The following table display the different parameters available for this program:


| Required arguments | Description                                                                                                                           |
|--------------------|---------------------------------------------------------------------------------------------------------------------------------------|
| -l / --list_files  | A list of files containing FasterDB ids of genes. Each element in the list must be separated by a space (eg. -l file1.txt file2.txt). |
| -L / --list_name   | The name of the list of exons/genes located in the input files given with the `--list_files` parameter (in the same order)            |


| Optional parameters          | Description                                                                                                                                                                                                                                                                                                                                                                                                                                                                                                                       |
|------------------------------|-----------------------------------------------------------------------------------------------------------------------------------------------------------------------------------------------------------------------------------------------------------------------------------------------------------------------------------------------------------------------------------------------------------------------------------------------------------------------------------------------------------------------------------|
| -h / --help                  | show this help message and exit                                                                                                                                                                                                                                                                                                                                                                                                                                                                                                   |
| -C / --component_type        | The type of component to study (default nt) (possible choice: 'codon', 'aa' (for amino acid), 'nt' (for nucleotide))                                                                                                                                                                                                                                                                                                                                                                                                              |
| -o / --output                | Folder were the result folder will be created  (default .)                                                                                                                                                                                                                                                                                                                                                                                                                                                                        |
| -t / --test                  | The kind of test to perform: enter default to perform a poisson regression test for distribution of stretches of a given nucleotide or a negative binomial regression for other kind of distributions. enter 'wilcoxon' to to perform a wilcoxon tests. (Default "default")                                                                                                                                                                                                                                                       |
| -S, --stretch_size LIST[INT] | A list of 2 integers named repesectively `A`, `B`. `A` correspond to the number of component that must be find in a window of size `B` to define a stretch. `A` < `B` (default 3 6)                                                                                                                                                                                                                                                                                                                                               |
| -F / --figure                | A list of components for which you want to display the distribution figures for each input files given.
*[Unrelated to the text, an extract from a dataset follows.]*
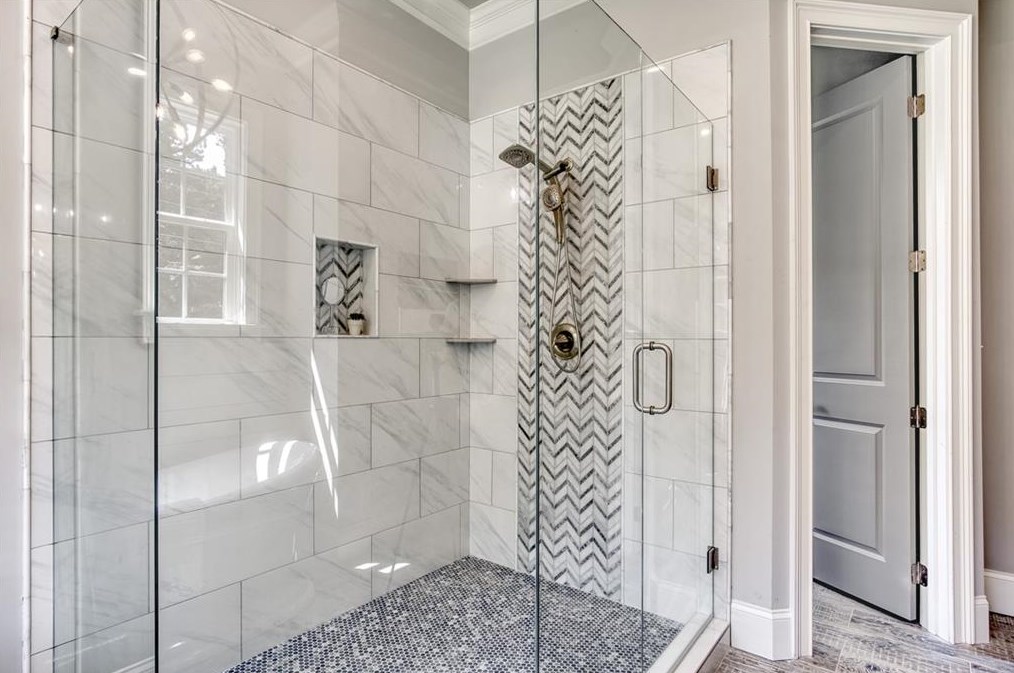 3146 Sprucewood Dr, Decatur GA  30033-2506 exterior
If you want to display the figure for every component, juste enter ALL. If you want to display a figure for a combination of component, you can enter ``cp1+cp2`` (for example to display to content of both A and T nucleotide you can enter ``A+T``). Finally to display a figure for every single nucleotide and two combination of three nucleotides for example, enter ``ALL cp1+cp2+cp3 cp4+cp1+cp2`` (default ALL) | 
| -s / --shared_ft             | `True` to have shared features between different lists of features, `False` else. (default False)                                                                                                                                                                                                                                                                                                                                                                                                                                 |
| -p / --percentile            | percentile of data displayed in the figure. Values above it are not displayed. (default 98)                                                                                                                                                                                                                                                                                                                                                                                                                                       |
| -c / --colors                | List of colors to give to the datasets given with the parameter ` --list_files`. The color can given with a color name (e.g 'red') or in an hexadecimal format. It can be left empty to use default color otherwise it must have the size of --list_name parameter (default [])                                                                                                                                                                                                                                                   |
| -m / --merge_violin BOOL     | True to merge violins of two different input lists together. Note that for more than two lists, this parameter will be set to False automatically. (default False)                                                                                                                                                                                                                                                                                                                                                                |


## Description of the result

Executing this tool will produce a folder located in the directory specified with the `--output option`. 

This folder will be named `stretch_distribution_analysis_[CPNT_TYPE]_[NAMES]_[TEST]` where:
* [NAMES]: corresponds to the names given with the `--list_name` parameter concatenated with '-'.
* [TEST]: corresponds to the value given with the `--test` parameter
* [CPNT_TYPE]: correspond to the type of component analysed. It is given with the `--component_type` parameter and can be : 'aa' or 'nt' or 'codon'.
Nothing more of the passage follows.